Pytables EArray vs Table for Speed/Efficiency


I'm trying to figure out what is the most efficient way to store time-value pairs in pytables. I'm using pytables since I'm dealing with huge ammounts of data. I will need to perform calculations on the data (average, interpolate, etc.). I don't know the number of rows ahead of time.

I know that an EArray can be appended to, much like a Table. Is there a reason to chose one over the other?

Given my simple data structure (homogeneous time-value pairs) i figured an EArray would be faster/most efficient, but the following quote from the pytables creator himself threw me off:

"...PyTables is specially tuned for, well, tables.
And these entities wear special I/O buffers and query engines that are fined tuned for maximum speed. *Array objects do not wear the same machinery."quote location


Solution

  • If the columns have some particular meaning or name, then you should definitely use a Table.
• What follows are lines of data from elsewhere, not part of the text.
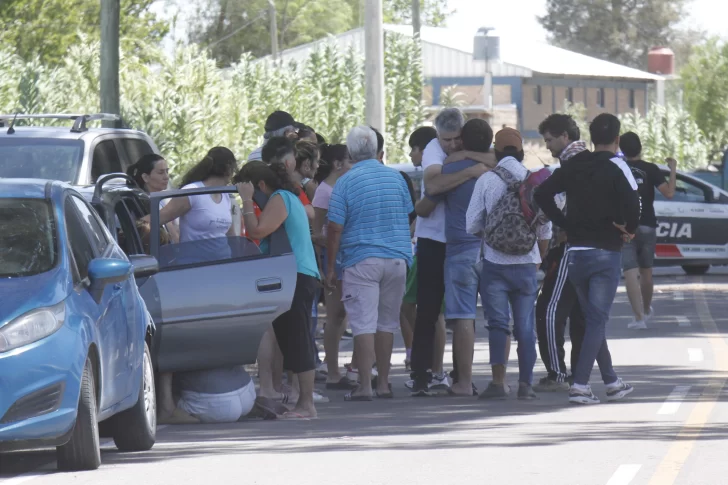 Lo peor para un albañil que volcó con su auto cuando volvía de jugar a las cartas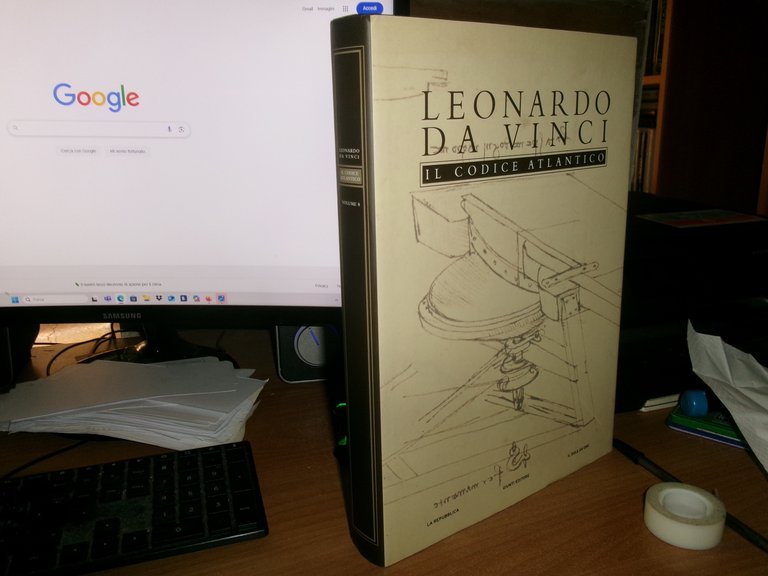 LEONARDO DA VINCI. Il Codice Atlantico Volume 8 - 2006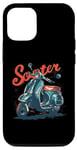 iPhone 12/12 Pro Electric Scooter Designs Design Cool Quote Friend Family Case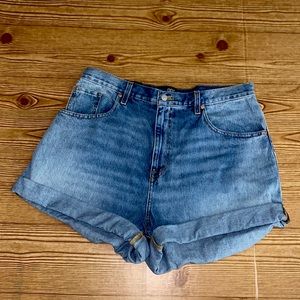 BDG mom shorts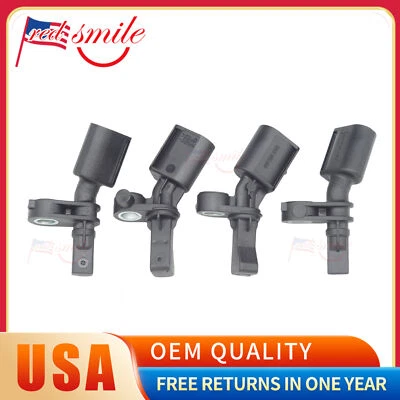 Sensor de velocidad de rueda ABS para Audi A1 A2 A3 Q2 VW Polo 6R 9N Golf Tiguan Passat Fox Foto 1 de 4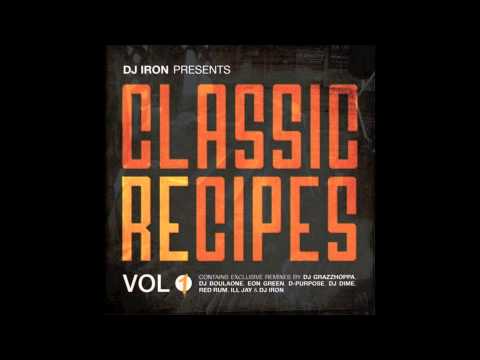 DJ Iron (2) — Dj Iron & Dj Dime - Classic Recipes Vol.1 'Introduction'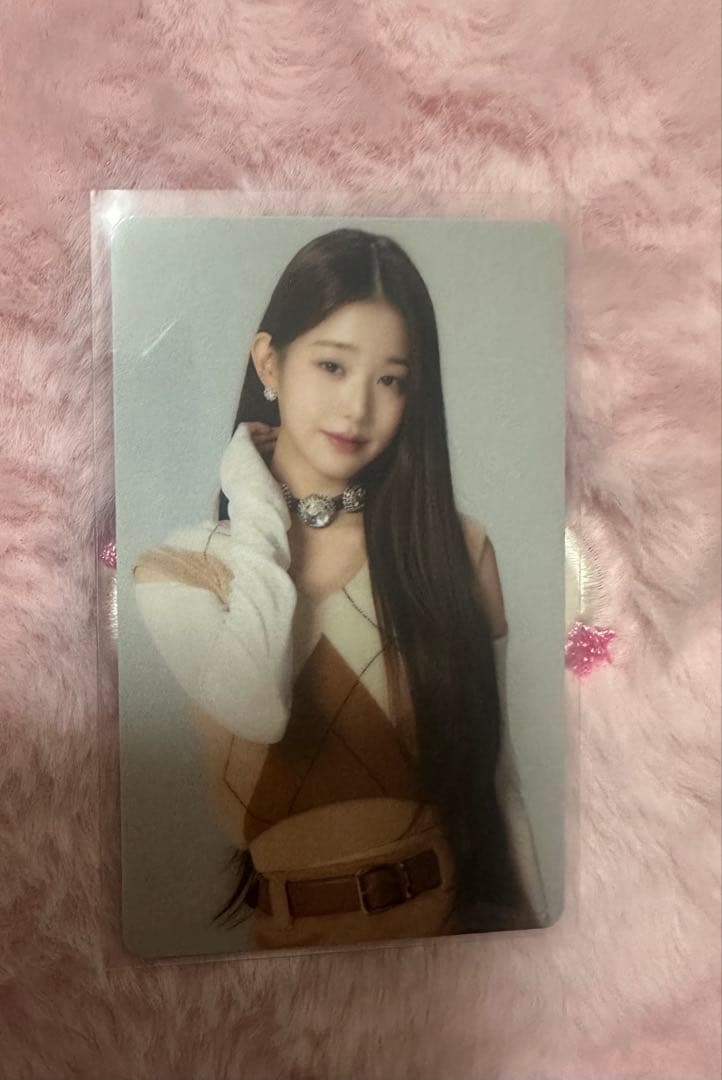 IVE ウォニョン　フォンタブ　抽選　トレカ　会場限定　fc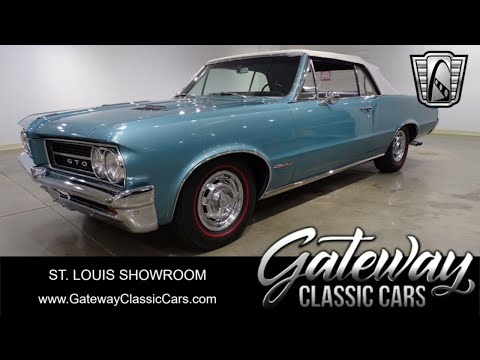 1964 Pontiac GTO (CC-2012906) for sale in O'Fallon, Illinois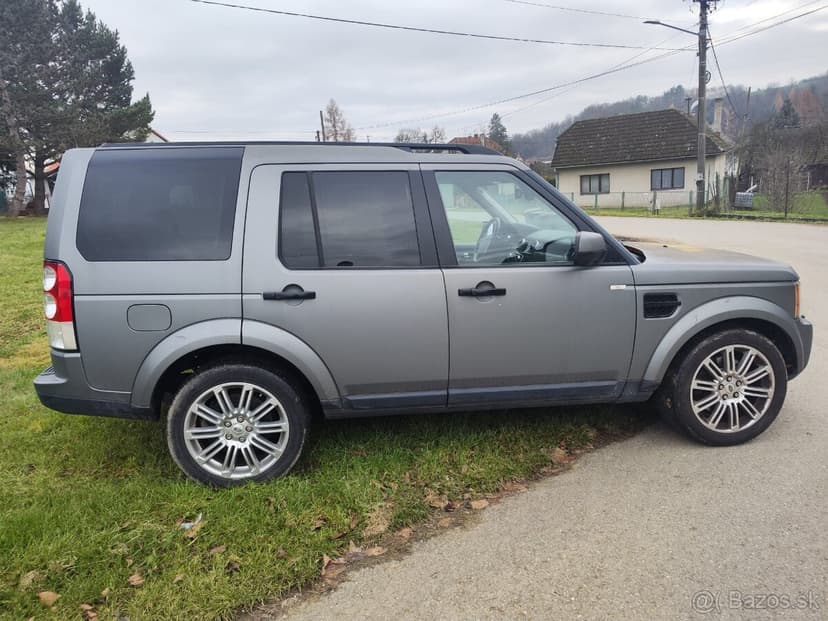 Land Rover Discovery 4 3.0 TDV6 HSE AT 4x4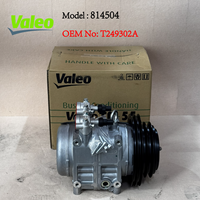 Nagelneuer Original Valeo TM55 Klimakompressor OE: T249302A Haupteinheit 24V 2B2A Direktmontage-Einheit für Großbus-Kühlung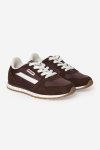 Girls Retro Runner Sneaker - 2 Chocolate
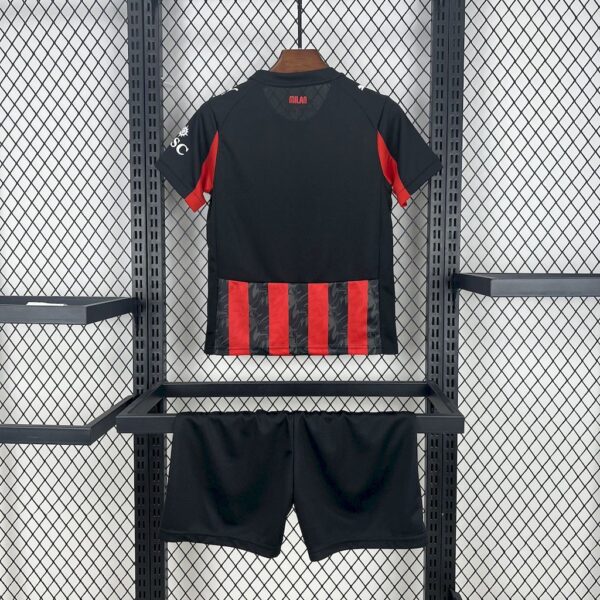 AC Milan 2025-26 Home Kids Kit
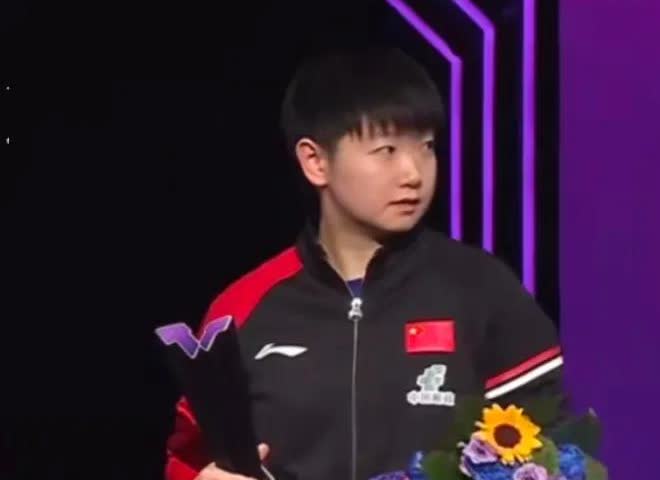 是不是有点玄学的东西？说实话，在孙颖莎不敌陈幸同的时候，就预感王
    The efficiency largely depends on what kinds of operations you are doing on the data. Most of the time there won't be much of a difference. EArray might be faster for row-access, Tables are probably slightly better at column access, and they should be very similar for whole Table/EArray access.

    Of course, the moment you want to do something more than simply access element and instead want to query or transform the data, you should use a Table. Tables are really built up around this idea of querying, via where() methods, and indexing, which makes such operations very fast. EArrays lack this infrastructure and are therefore slower.